## Short descriptive text snippets
Segment Open

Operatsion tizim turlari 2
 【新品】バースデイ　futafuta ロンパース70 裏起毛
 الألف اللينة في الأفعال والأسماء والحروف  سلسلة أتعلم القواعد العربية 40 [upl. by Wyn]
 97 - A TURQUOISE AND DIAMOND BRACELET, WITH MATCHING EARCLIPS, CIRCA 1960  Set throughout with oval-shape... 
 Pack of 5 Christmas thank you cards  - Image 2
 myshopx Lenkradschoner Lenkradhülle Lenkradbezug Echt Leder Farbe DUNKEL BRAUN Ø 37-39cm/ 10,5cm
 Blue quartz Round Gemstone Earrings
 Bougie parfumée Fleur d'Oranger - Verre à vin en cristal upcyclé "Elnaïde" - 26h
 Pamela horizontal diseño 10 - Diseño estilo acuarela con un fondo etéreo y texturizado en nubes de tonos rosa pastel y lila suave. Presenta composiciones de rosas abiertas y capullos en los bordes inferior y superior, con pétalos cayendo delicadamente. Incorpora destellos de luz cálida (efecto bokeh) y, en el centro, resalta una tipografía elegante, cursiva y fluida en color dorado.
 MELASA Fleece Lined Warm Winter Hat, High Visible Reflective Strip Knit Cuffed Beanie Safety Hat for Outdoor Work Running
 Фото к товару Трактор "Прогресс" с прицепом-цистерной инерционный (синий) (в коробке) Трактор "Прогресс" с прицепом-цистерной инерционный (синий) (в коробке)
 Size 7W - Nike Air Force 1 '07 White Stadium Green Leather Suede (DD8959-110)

Segment Closed

## Work item
Look back at the data above. Transcribe exactly the lines starting at the line that contains "myshopx Lenkradschoner Lenkradhülle" and ending at the line that contains "Фото к товару".

## Solution to this exercise
 myshopx Lenkradschoner Lenkradhülle Lenkradbezug Echt Leder Farbe DUNKEL BRAUN Ø 37-39cm/ 10,5cm
 Blue quartz Round Gemstone Earrings
 Bougie parfumée Fleur d'Oranger - Verre à vin en cristal upcyclé "Elnaïde" - 26h
 Pamela horizontal diseño 10 - Diseño estilo acuarela con un fondo etéreo y texturizado en nubes de tonos rosa pastel y lila suave. Presenta composiciones de rosas abiertas y capullos en los bordes inferior y superior, con pétalos cayendo delicadamente. Incorpora destellos de luz cálida (efecto bokeh) y, en el centro, resalta una tipografía elegante, cursiva y fluida en color dorado.
 MELASA Fleece Lined Warm Winter Hat, High Visible Reflective Strip Knit Cuffed Beanie Safety Hat for Outdoor Work Running
 Фото к товару Трактор "Прогресс" с прицепом-цистерной инерционный (синий) (в коробке) Трактор "Прогресс" с прицепом-цистерной инерционный (синий) (в коробке)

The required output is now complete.